Stored data entries.
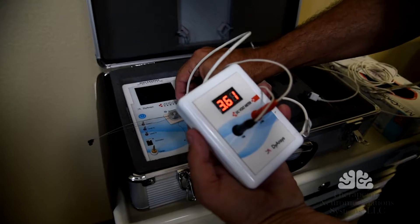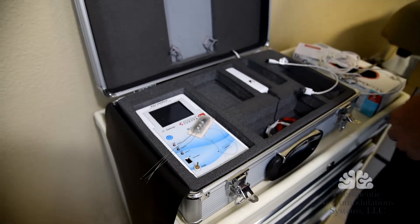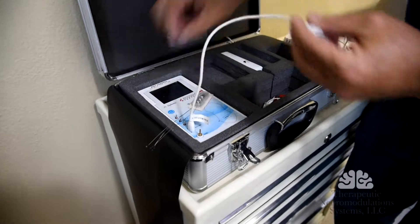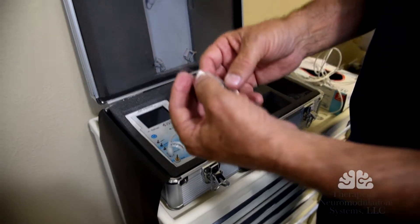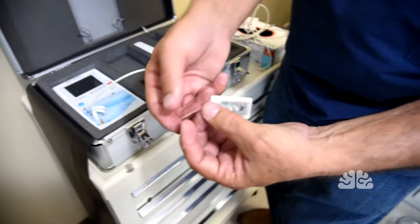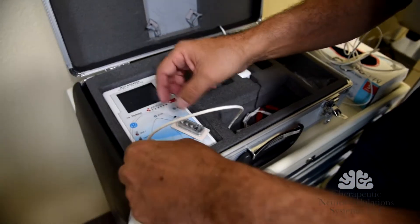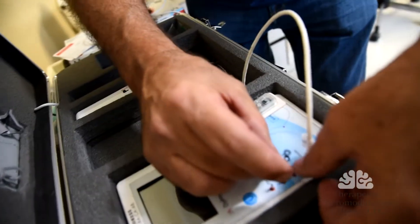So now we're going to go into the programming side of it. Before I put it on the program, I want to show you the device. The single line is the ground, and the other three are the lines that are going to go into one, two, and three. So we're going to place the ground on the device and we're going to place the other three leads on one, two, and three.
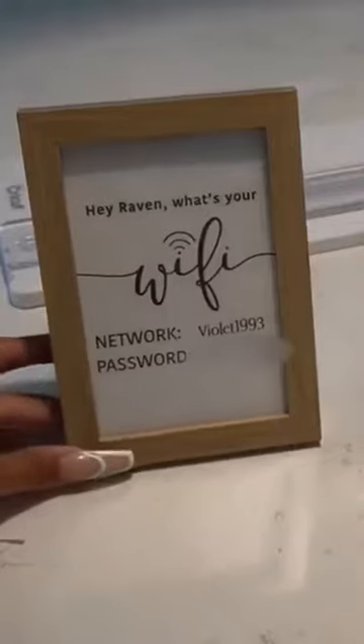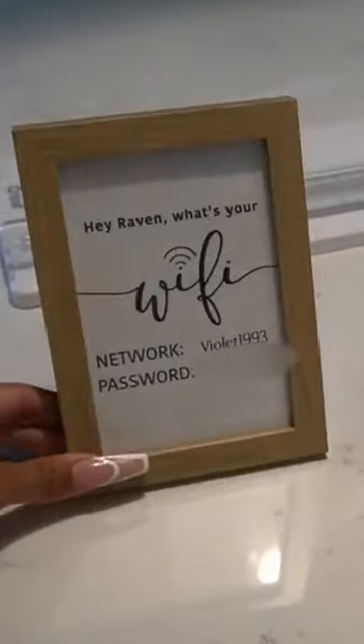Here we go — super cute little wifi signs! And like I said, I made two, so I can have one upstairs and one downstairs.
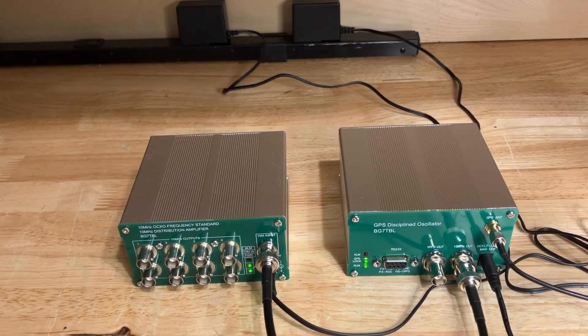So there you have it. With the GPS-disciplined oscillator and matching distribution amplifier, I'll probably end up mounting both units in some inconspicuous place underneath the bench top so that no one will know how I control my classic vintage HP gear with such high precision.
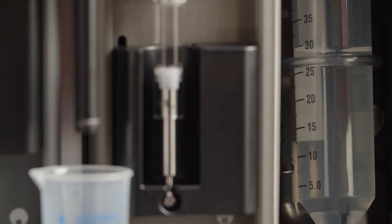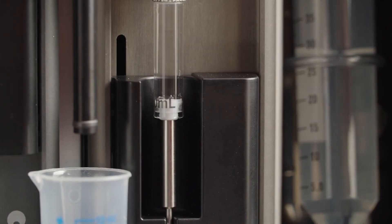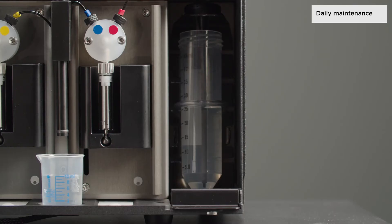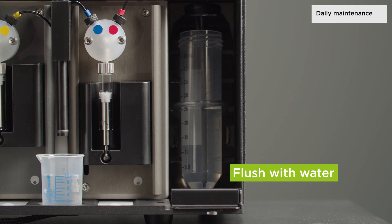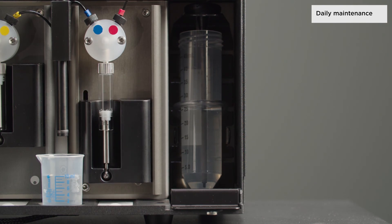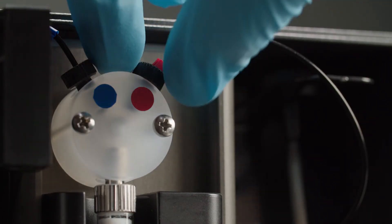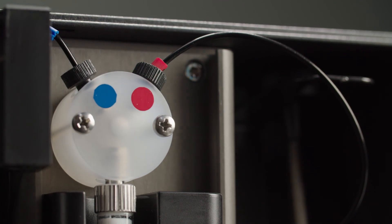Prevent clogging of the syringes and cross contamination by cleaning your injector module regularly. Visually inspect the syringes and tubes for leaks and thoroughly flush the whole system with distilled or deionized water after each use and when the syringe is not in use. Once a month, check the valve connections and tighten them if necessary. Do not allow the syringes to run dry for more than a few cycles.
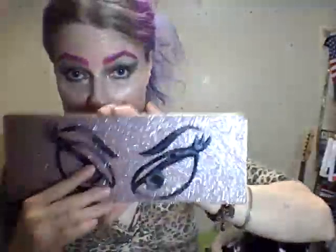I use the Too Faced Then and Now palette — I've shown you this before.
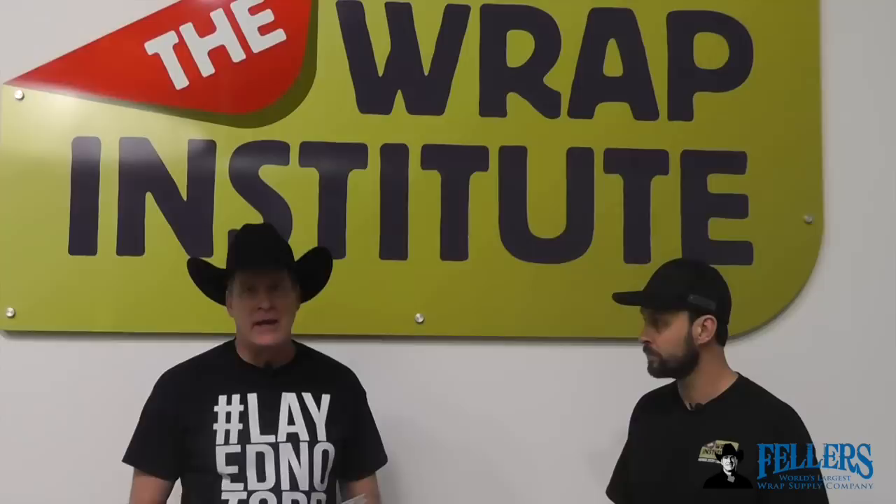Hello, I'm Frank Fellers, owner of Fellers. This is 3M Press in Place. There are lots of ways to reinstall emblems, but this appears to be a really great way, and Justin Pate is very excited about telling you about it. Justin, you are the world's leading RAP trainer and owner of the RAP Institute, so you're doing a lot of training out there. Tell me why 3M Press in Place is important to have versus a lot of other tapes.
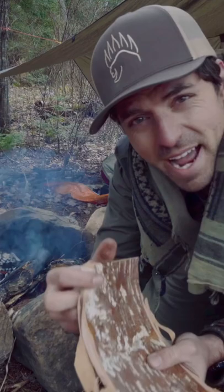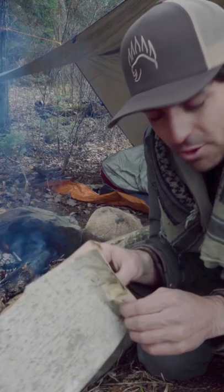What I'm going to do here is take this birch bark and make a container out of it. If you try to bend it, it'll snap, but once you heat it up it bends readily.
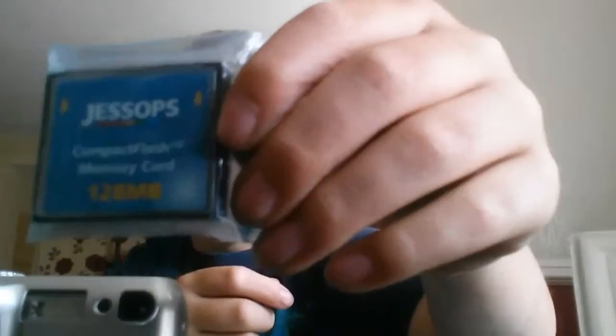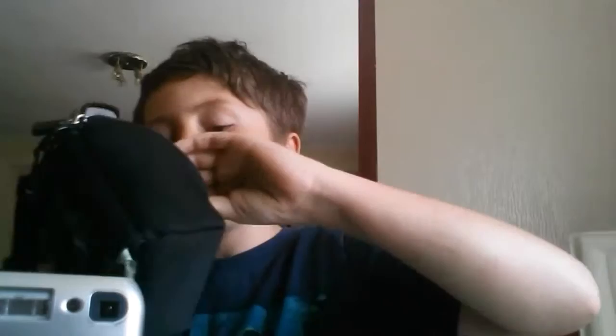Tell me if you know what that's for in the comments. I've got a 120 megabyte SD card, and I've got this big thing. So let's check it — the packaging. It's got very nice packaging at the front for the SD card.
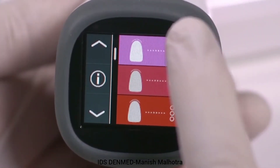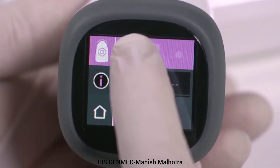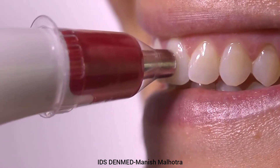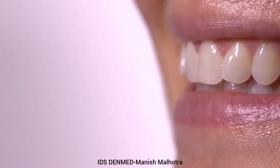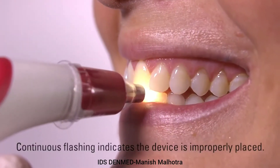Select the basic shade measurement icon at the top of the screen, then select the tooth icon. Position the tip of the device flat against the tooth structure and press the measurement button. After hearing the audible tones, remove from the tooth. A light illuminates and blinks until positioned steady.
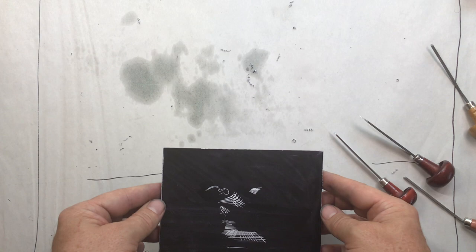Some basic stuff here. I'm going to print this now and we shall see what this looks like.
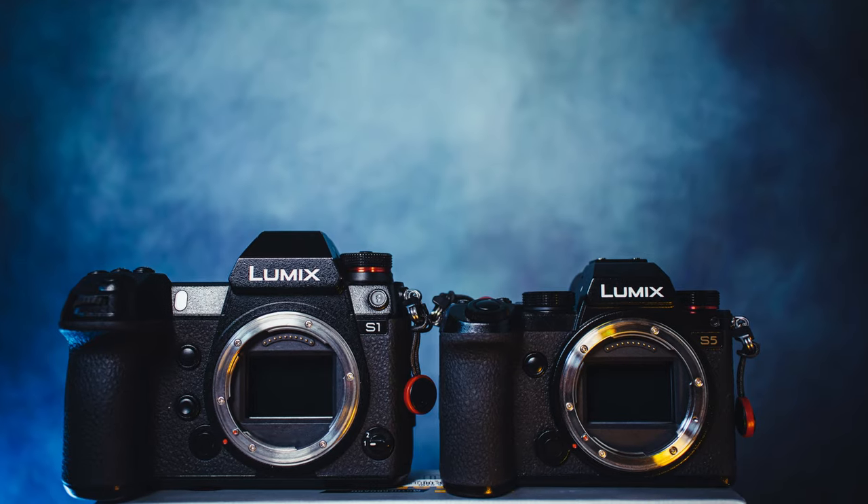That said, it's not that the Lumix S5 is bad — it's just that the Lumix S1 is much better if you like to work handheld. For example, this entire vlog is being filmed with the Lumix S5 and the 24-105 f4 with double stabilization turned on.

Work instruction. In the entries above, which lines run from the one with "Hello, I'm Frank" up to and including the one with "Tell me if you"? Write them out exactly, without the pictures.

Response area.
Hello, I'm Frank Fellers, owner of Fellers. This is 3M Press in Place. There are lots of ways to reinstall emblems, but this appears to be a really great way, and Justin Pate is very excited about telling you about it. Justin, you are the world's leading RAP trainer and owner of the RAP Institute, so you're doing a lot of training out there. Tell me why 3M Press in Place is important to have versus a lot of other tapes.
What I'm going to do here is take this birch bark and make a container out of it. If you try to bend it, it'll snap, but once you heat it up it bends readily.
Tell me if you know what that's for in the comments. I've got a 120 megabyte SD card, and I've got this big thing. So let's check it — the packaging. It's got very nice packaging at the front for the SD card.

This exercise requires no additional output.